MATERIALS PROVIDED:

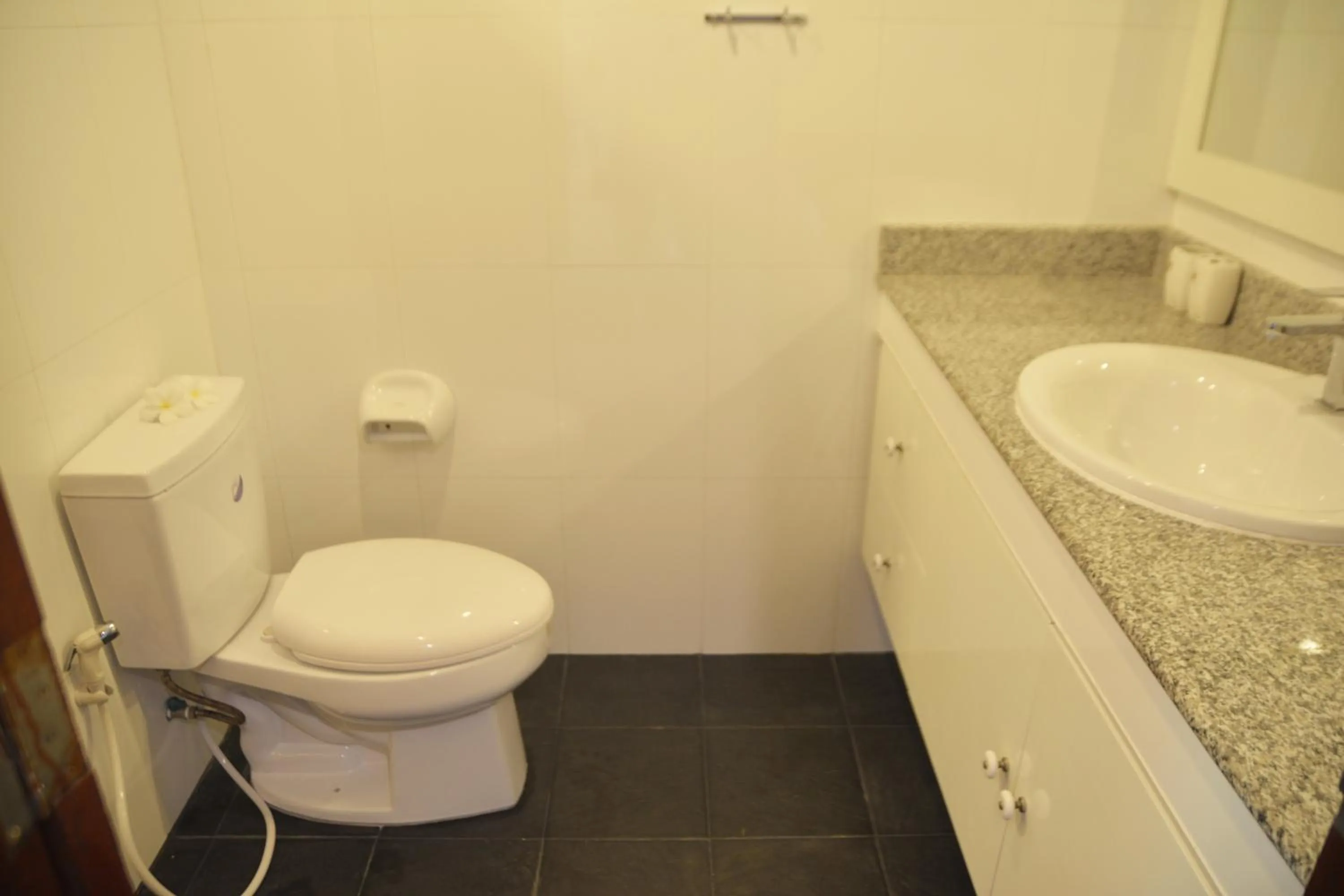 Toilet in White Flower Lanta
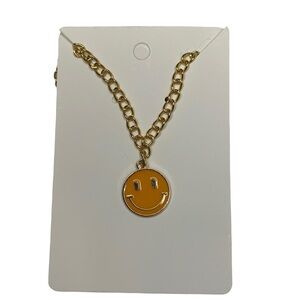 Gold smiley face necklace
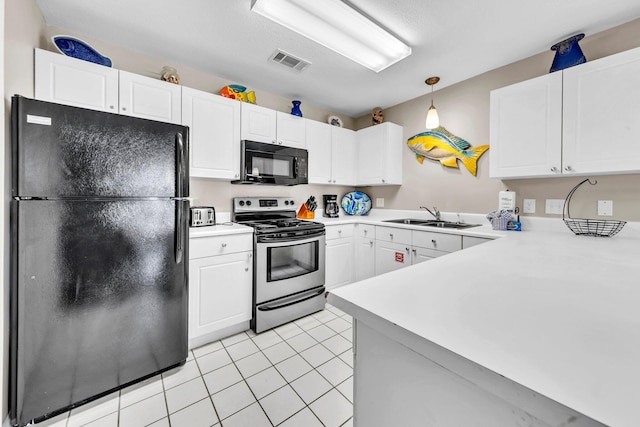 144 Spires Ln Unit 202, Santa Rosa Beach, FL 32459 - kitchen with black appliances, a sink, light countertops, and white cabinets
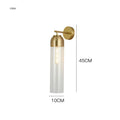 Nordic minimalist glass wall lamp in smoke grey colour mounted on a light wall.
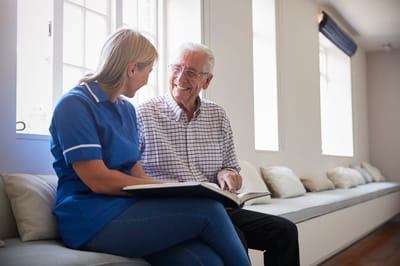 Caregiver and resident having a conversation on a bench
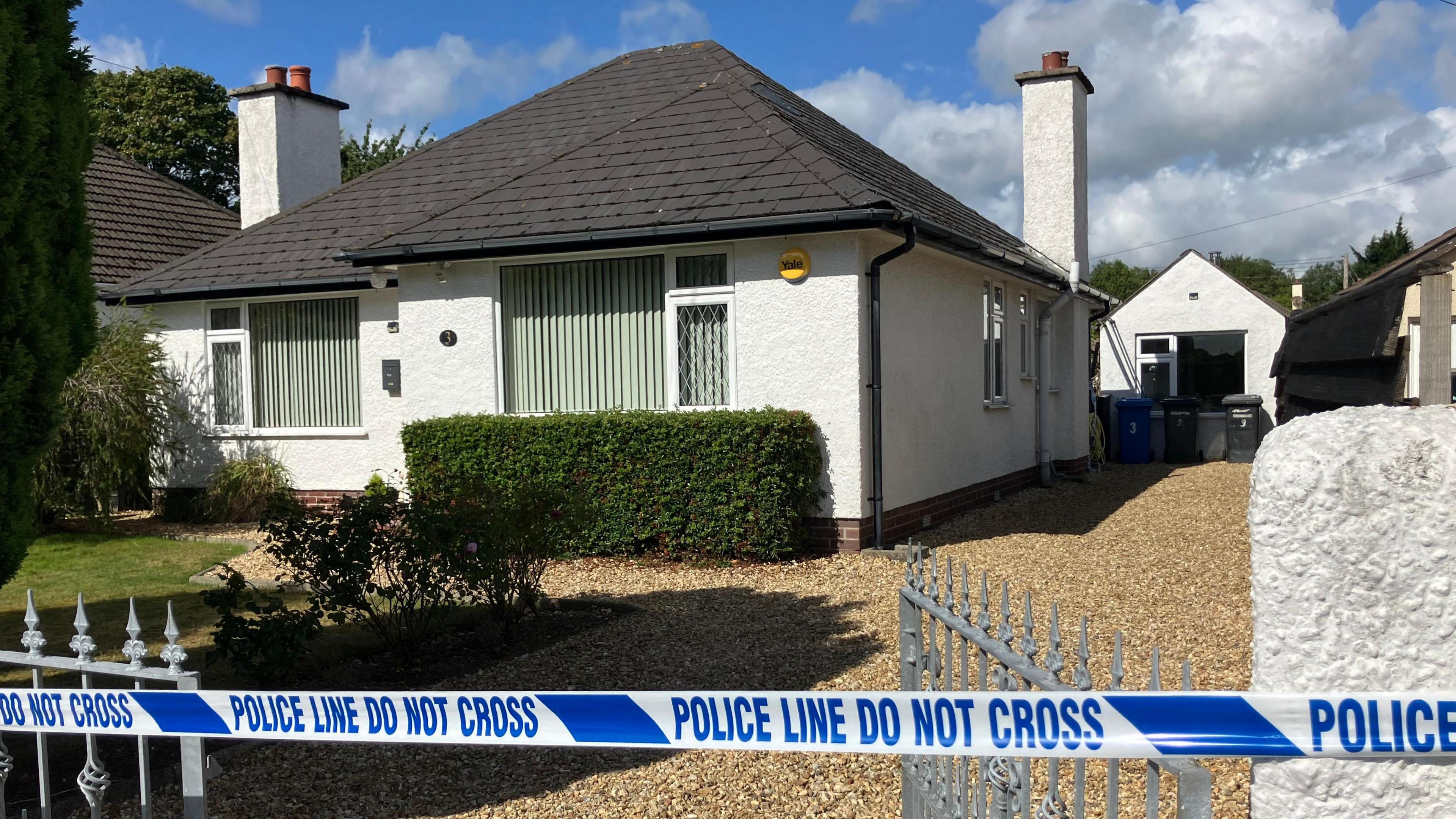 A white bungalow with a black roof with a garden in front of it and a stoned driveway is cordoned off with blue police tape.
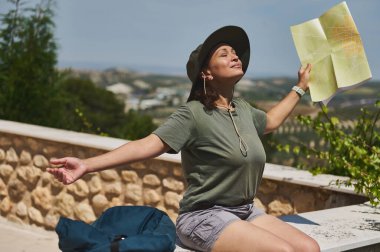 Dışarıda gülümseyen bir kadın, elinde parlak bir güneş ışığıyla bir harita tutuyor. Yeşil ve dağlık ufuk çizgisi ile çevrili taşlık bir avluda keşif ve neşe hissi..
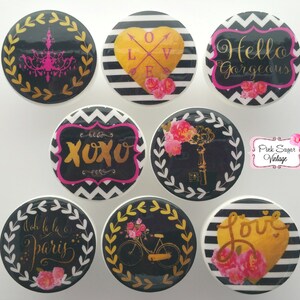 Op de afbeelding: Set van acht ronde zwarte en witte ladeknopjes met gouden accenten. De knoppen hebben verschillende ontwerpen, waaronder een hart met het woord "love", een fiets met bloemen, een sleutel met bloemen, een kroonluchter, een bord met "xoxo", een hart met het woord "love" en de woorden "Hello Gorgeous" en "Ooh la la Paris".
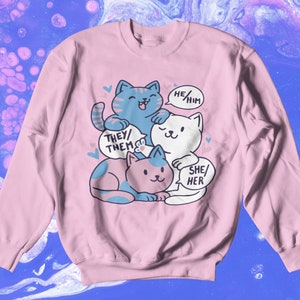 May include: Pink sweatshirt with a graphic of three cartoon cats stacked on top of each other. Each cat has a speech bubble with a different pronoun set: "They/Them", "He/Him", and "She/Her".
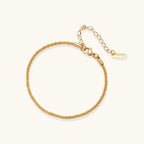 Delicate 18K gold-plated stainless steel bracelet with textured beaded chain on cream background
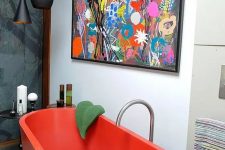 34 a super bold and catchy bathroom with a hot red free-standing bathtub, a bright artwork and black pendant lamps, small side tables and colorful towels
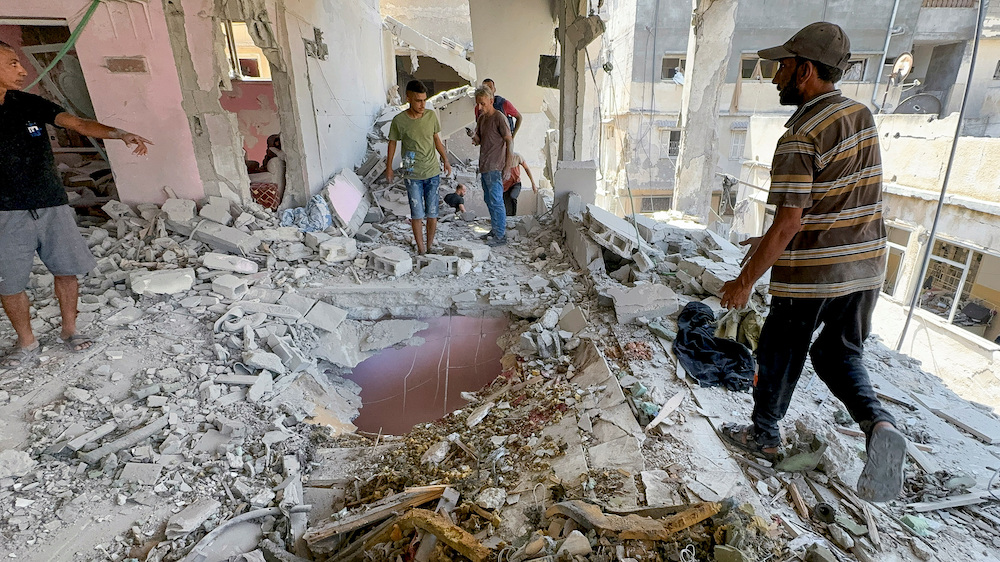 Palestinians inspect the site of an Israeli strike on a house in Gaza City on Aug. 12, 2024. (Reuters)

TASK PROMPT: What is needed is an exact copy of each line from the top of the data above through the line containing "A white bungalow", with no pictures.

OUTPUT OF THE EXERCISE:
 Toilet in White Flower Lanta
 Gold smiley face necklace
 144 Spires Ln Unit 202, Santa Rosa Beach, FL 32459 - kitchen with black appliances, a sink, light countertops, and white cabinets
 Nordic minimalist glass wall lamp in smoke grey colour mounted on a light wall.
 Caregiver and resident having a conversation on a bench
 A white bungalow with a black roof with a garden in front of it and a stoned driveway is cordoned off with blue police tape.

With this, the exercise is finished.